[Intro]
Yeah …
Fenster tief, Bass schwer, Asphalt glüht.
Westside-Vibes – doch jedes Wort sitzt.
Let’s ride.
[Hook 1]
Chrom in der Nacht, wenn die Sonne versinkt,
Bass aus dem Kofferraum – die ganze Straße vibriert.
Wir kamen von unten, doch sind oben geblieben,
denn du kannst Gold kaufen – aber Haltung nicht kriegen.
Chrom in der Nacht, Palmen zieh’n an uns vorbei,
linker Arm aus dem Fenster, in der Lunge California Sky.
Keine Krone auf dem Kopf, trotzdem königlich hier –
wenn der Morgen uns findet, war die Nacht unser Revier.
[Rap-Part 1]
Ich bring’ Silben in Zirkulation wie Felgen im Gegenlicht,
während dein Rap nur Kulisse ist – meiner zerlegt deine Gegensicht.
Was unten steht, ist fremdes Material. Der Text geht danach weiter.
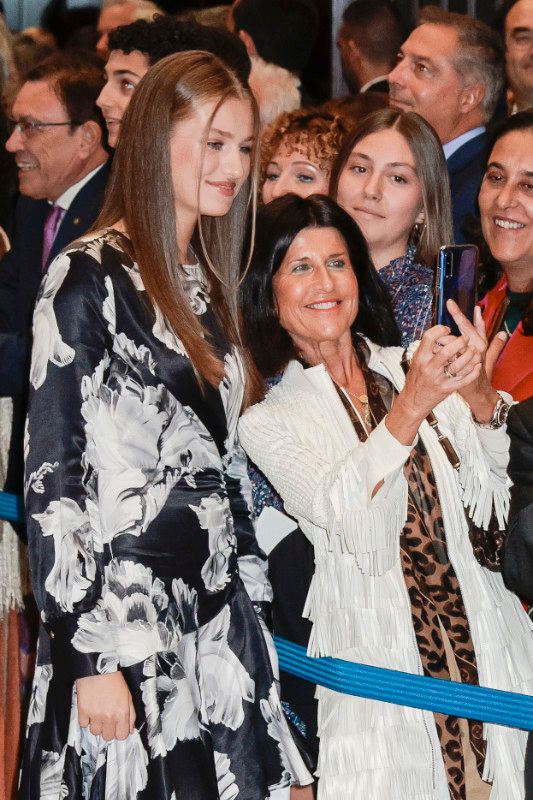 Leonor haciéndose selfies al salir del concierto Premios Princesa de Asturias 2023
Blicke so kalt, doch der Cadillac gleitet durch flimmernde Hitze,
ich schreibe Geschichten in Asphalt mit jeder einzelnen Rille der Sitze.
Vom Hinterhof bis Horizont – konsequent ohne Kompromiss,
weil ein Mann ohne Rückgrat nur ein Schatten ohne Kontur ist.
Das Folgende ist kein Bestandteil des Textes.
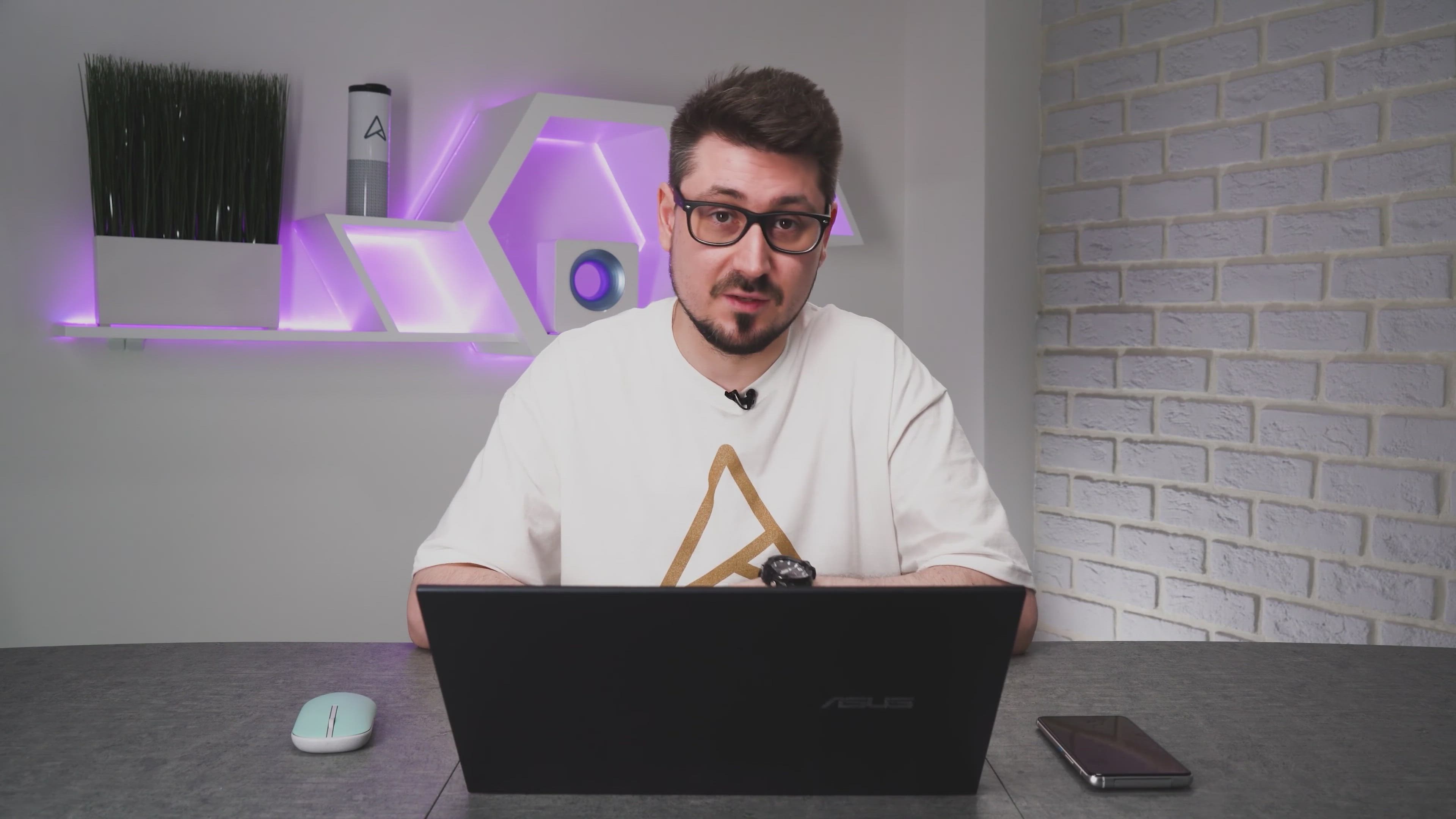 ASUS VivoBook 14 Ryzen Hexa Core 4500U (8GB/512GB SSD/Windows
Ich lernte: Wer dir die Hand reicht, kann dabei nach der Krone greifen,
darum lass’ ich Taten sprechen und die Blender ihre Posen zeigen.
Zungenbrecher:
Packende Passagen prasseln passend auf peitschende Percussions,
rasende Reimketten kreisen präzise durch sämtliche Frequenzen.
Taktisch getaktete Takte – ich tackere Tatsachen in Textform,
während rappende Ratten beim Rattern der rasenden Reimräder wegrenn’n.
Meine Technik ist chirurgisch, jede Silbe sitzt symmetrisch,
mehrsilbige Bilderketten – rhythmisch, giftig und geometrisch.
Ich stapel’ Gedankenpaläste auf staubigen Straßenschildern,
lass’ aus Narben neue Farben und aus Niederlagen Klassiker werden.
Der Beat riecht nach Benzin, Leder, Meer und Gefahr,
nach ’nem Leben ohne Rückwärtsgang – wir waren immer schon da.
Kein Internet-Image, keine künstlich erschaffene Legende,
nur ein Stift, ein voller Tank und diese Stadt ohne Ende.
[Hook 2]
Chrom in der Nacht, wenn die Sonne versinkt,
Bass aus dem Kofferraum – die ganze Straße vibriert.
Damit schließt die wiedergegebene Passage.